Chegada ao palco, a comediante não demora muito até falar do tema que todos querem ouvir. Começa com uma reflexão, que se repetirá ao longo do espectáculo, sobre se está ralada ou não com o que os outros pensam dela (spoiler: está). Também fala sobre como se sente observada em restaurantes, em que as pessoas estão sempre na dúvida se vai começar a dançar (uma das imagens de marca do seu antigo programa) ou se vai ser má com alguém. Goste-se ou não do género cara de pau ou do apelo mainstream, de uma coisa não restam dúvidas: poucos são tão bons neste estilo. Escorreita, certeira, com muito boa entrega, a voz de Dori é aqui um peixe dentro de água, nadando com alegria no seu habitat natural.

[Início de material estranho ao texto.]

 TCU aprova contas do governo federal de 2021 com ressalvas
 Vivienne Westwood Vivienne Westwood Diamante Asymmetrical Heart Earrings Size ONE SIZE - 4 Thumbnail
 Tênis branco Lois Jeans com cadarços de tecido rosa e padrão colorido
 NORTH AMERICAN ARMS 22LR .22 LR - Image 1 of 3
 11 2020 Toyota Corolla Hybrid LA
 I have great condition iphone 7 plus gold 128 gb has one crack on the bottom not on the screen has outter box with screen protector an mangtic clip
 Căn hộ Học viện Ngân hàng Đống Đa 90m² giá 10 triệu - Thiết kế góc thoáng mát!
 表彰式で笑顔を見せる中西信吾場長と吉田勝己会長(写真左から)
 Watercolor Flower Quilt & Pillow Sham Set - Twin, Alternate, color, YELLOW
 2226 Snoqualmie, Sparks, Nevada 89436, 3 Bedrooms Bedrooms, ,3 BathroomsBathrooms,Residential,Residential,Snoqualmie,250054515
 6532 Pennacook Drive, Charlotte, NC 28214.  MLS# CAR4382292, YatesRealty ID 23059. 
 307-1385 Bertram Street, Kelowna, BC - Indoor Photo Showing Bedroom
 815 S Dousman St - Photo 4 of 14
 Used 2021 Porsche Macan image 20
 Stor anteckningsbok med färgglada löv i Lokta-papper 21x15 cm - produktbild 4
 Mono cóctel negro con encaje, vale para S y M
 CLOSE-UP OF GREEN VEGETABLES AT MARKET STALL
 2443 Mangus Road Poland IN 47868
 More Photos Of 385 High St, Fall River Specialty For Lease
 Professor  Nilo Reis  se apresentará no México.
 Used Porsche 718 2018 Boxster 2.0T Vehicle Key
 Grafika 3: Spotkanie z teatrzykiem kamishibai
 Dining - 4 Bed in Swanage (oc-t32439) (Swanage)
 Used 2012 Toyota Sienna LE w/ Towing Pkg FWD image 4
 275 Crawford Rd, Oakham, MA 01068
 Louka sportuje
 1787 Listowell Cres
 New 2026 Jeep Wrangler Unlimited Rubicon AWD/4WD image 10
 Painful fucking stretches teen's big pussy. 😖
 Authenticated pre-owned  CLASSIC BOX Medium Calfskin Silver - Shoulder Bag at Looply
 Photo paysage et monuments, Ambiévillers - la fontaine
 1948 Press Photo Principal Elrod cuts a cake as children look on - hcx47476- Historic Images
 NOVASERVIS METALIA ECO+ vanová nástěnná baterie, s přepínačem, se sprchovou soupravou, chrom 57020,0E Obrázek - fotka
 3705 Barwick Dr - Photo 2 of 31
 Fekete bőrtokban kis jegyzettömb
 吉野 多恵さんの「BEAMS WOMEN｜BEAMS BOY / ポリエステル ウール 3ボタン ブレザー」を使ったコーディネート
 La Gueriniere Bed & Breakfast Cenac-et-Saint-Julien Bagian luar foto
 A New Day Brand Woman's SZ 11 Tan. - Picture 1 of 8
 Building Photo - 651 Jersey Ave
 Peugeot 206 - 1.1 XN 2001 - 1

Com o público totalmente do lado dela, Ellen tanto fala de como estacionar um carro como fala da demência da mãe. Mas não esquece o tema que todos querem ouvir e não o escamoteia. Durante a grande maioria do espectáculo tem o discernimento de não se explicar, mas de fazer piadas sobre a polémica, a partir do seu ponto de vista. Tem trechos bem conseguidos sobre como um jogo da apanhada com funcionários pode ser percecionado como violento ou sobre como não se considerava chefe só por o programa ter o seu nome, tal como o palhaço-mascote Ronald McDonald não é o CEO da McDonald’s.

Onde o espectáculo borra a pintura é no fim, quando Ellen cede à moda de fazer um final sério e com uma boa dose de autocomiseração. De repente, está só ali a justificar-se, explicando ser carinhosa, mas também exigente e impaciente. Descreve-se como “uma mulher forte”, o que causa uma apoteose de público de pé. Faz o discurso da praxe sobre saúde mental. Chama a mulher ao palco. E diz adeus à comédia com um ajuste de contas e não com graça – isto depois de uma hora a mostrar que tem carisma e talento para dar outra volta ao texto.

Se esta foi mesmo a sua última vez em cima de um palco, Ellen DeGeneres tem, claro, o legítimo direito de a usar como quiser. Mas acabou por se tornar numa despedida amarga, auto-justificativa, que a deixa definida para a História exatamente pela polémica que abominou. E Ellen, se calhar, foi (é?) mais que isso.